→ Your assignment
Every entry below must be transcribed word for word, and the images must be left out.

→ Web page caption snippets
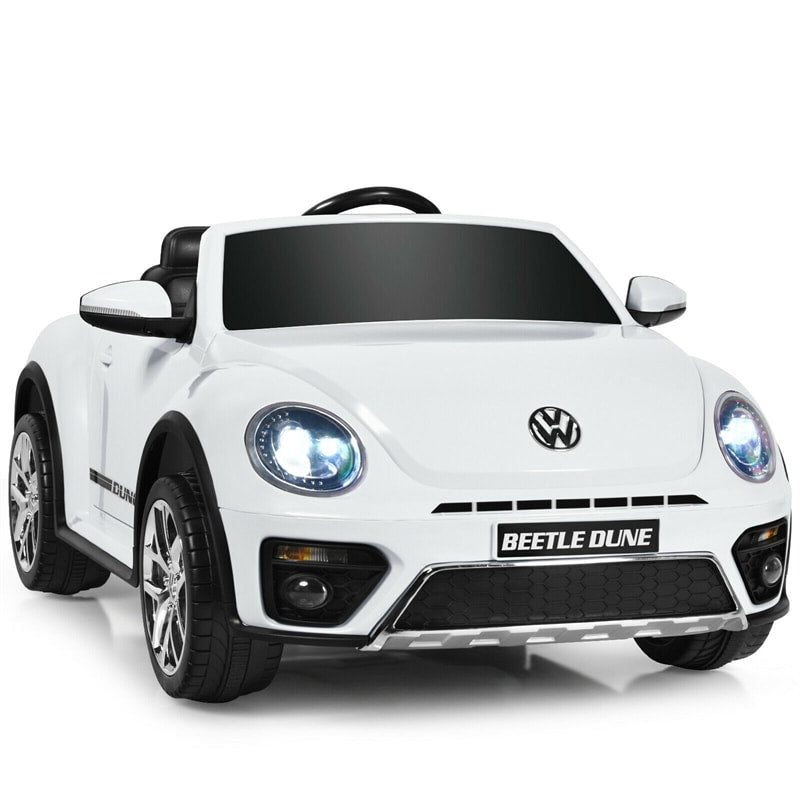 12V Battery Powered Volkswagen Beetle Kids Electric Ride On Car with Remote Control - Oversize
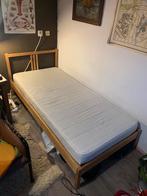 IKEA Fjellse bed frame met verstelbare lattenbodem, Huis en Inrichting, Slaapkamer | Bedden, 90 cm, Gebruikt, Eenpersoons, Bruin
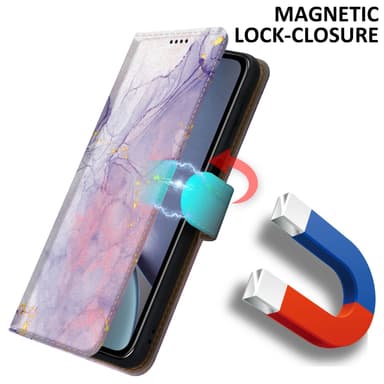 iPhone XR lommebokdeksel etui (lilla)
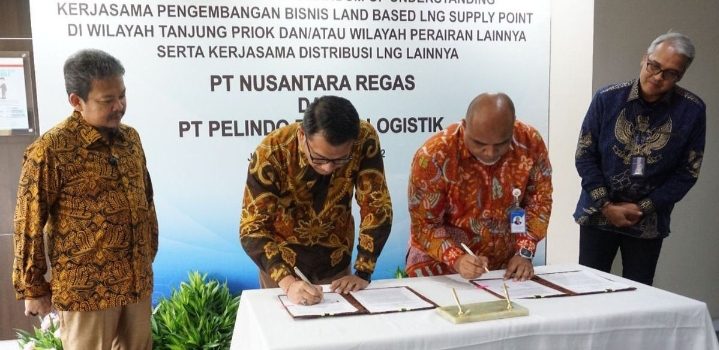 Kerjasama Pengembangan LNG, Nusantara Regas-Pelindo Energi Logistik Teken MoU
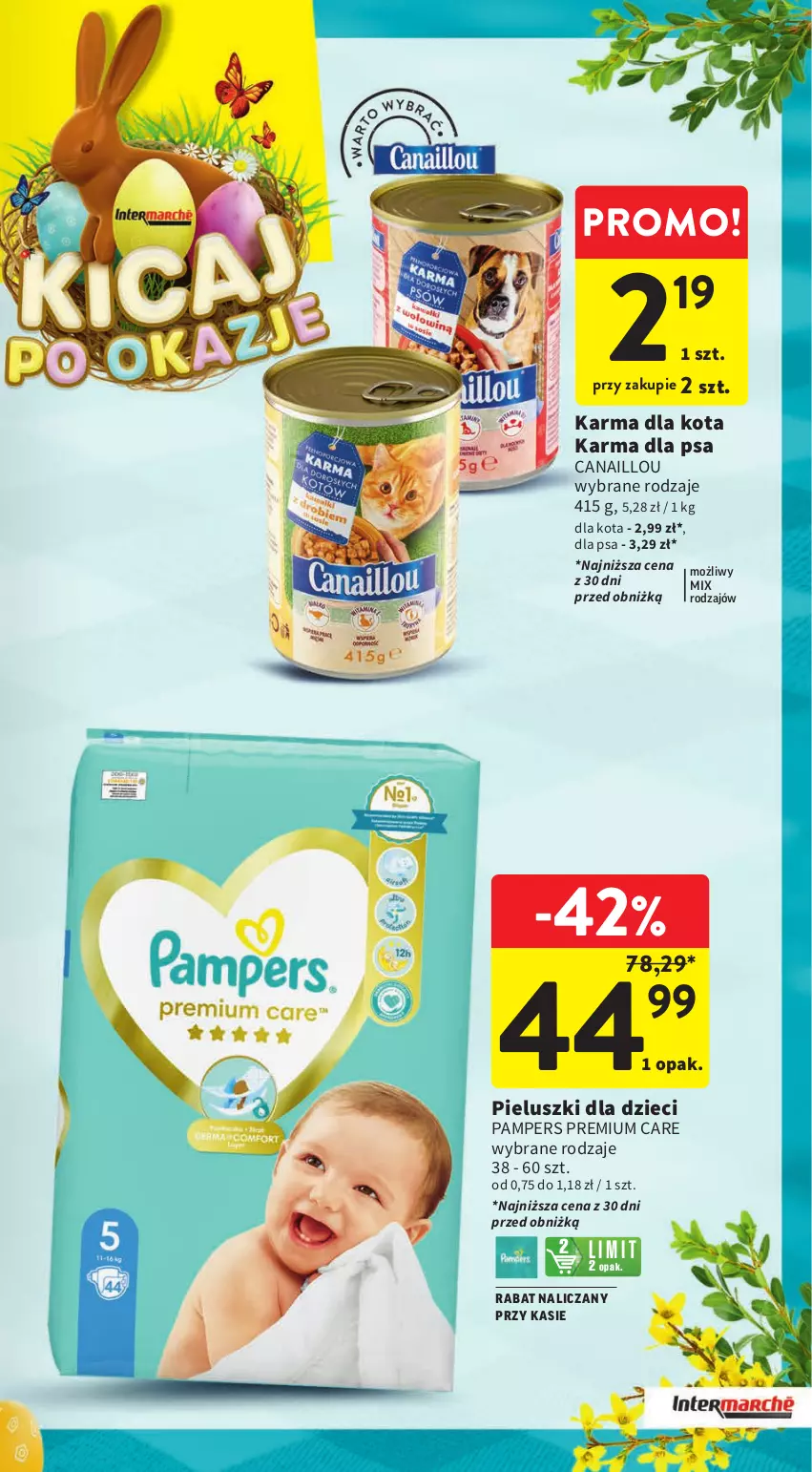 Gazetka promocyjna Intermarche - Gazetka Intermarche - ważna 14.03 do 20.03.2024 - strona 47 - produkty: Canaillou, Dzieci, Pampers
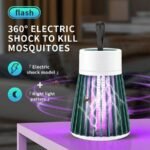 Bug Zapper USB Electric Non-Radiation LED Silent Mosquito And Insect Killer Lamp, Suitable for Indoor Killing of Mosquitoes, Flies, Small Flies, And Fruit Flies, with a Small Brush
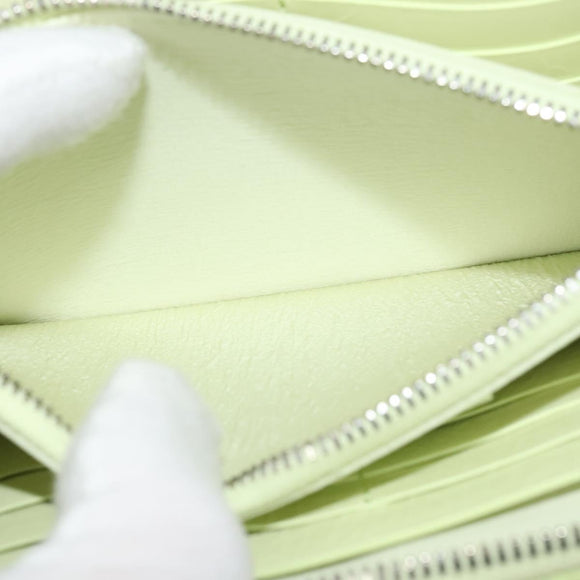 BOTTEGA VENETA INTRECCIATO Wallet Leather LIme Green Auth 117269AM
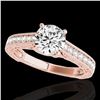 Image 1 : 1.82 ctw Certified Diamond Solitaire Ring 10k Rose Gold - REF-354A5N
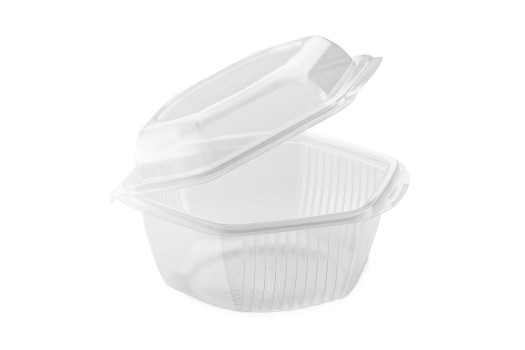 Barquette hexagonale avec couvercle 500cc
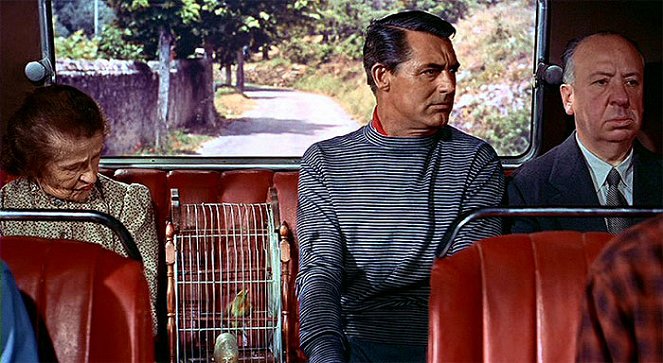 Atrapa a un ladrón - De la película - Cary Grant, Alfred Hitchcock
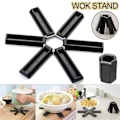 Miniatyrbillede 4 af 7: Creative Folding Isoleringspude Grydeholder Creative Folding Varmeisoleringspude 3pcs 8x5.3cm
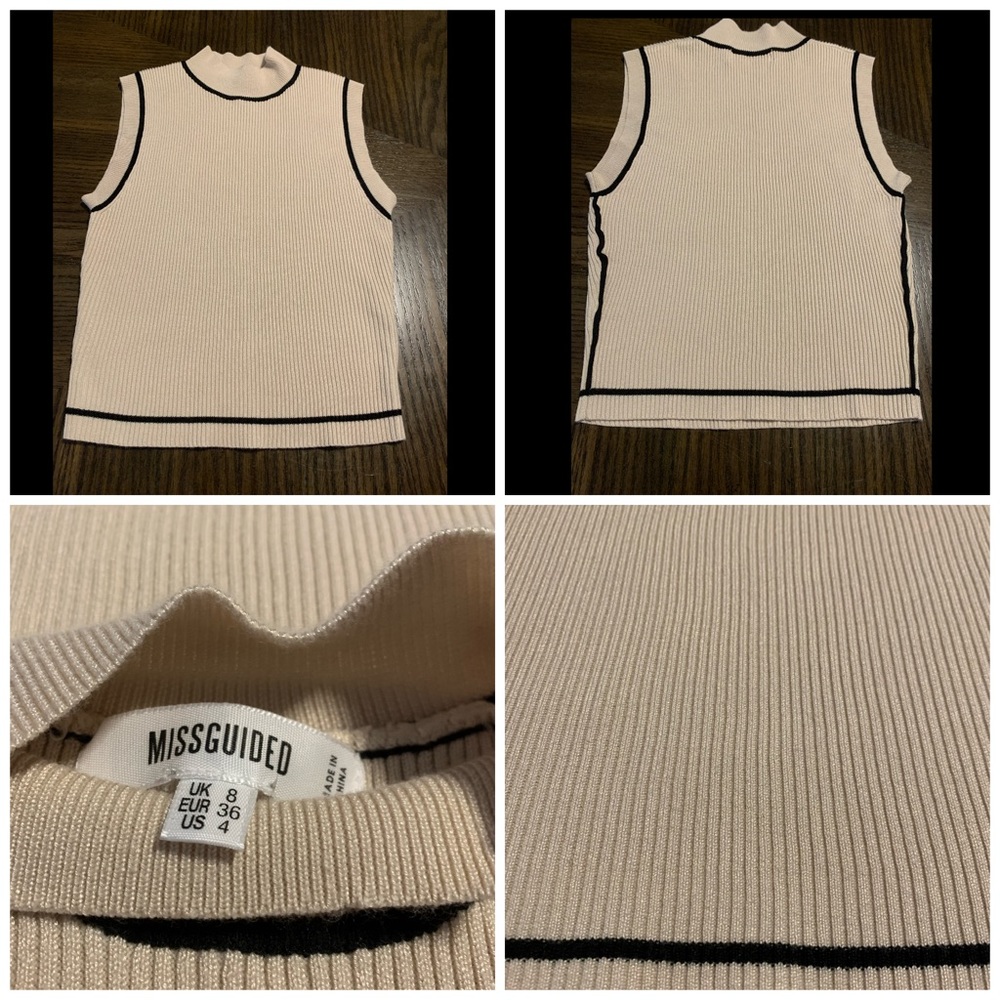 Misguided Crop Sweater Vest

→ Final answer
 12V Battery Powered Volkswagen Beetle Kids Electric Ride On Car with Remote Control - Oversize
 IKEA Fjellse bed frame met verstelbare lattenbodem, Huis en Inrichting, Slaapkamer | Bedden, 90 cm, Gebruikt, Eenpersoons, Bruin
 iPhone XR lommebokdeksel etui (lilla)
 Kerjasama Pengembangan LNG, Nusantara Regas-Pelindo Energi Logistik Teken MoU
 Gazetka promocyjna Intermarche - Gazetka Intermarche - ważna 14.03 do 20.03.2024 - strona 47 - produkty: Canaillou, Dzieci, Pampers
 Bug Zapper USB Electric Non-Radiation LED Silent Mosquito And Insect Killer Lamp, Suitable for Indoor Killing of Mosquitoes, Flies, Small Flies, And Fruit Flies, with a Small Brush
 BOTTEGA VENETA INTRECCIATO Wallet Leather LIme Green Auth 117269AM
 Image 1 : 1.82 ctw Certified Diamond Solitaire Ring 10k Rose Gold - REF-354A5N
 Barquette hexagonale avec couvercle 500cc
 Atrapa a un ladrón - De la película - Cary Grant, Alfred Hitchcock
 Miniatyrbillede 4 af 7: Creative Folding Isoleringspude Grydeholder Creative Folding Varmeisoleringspude 3pcs 8x5.3cm
 Misguided Crop Sweater Vest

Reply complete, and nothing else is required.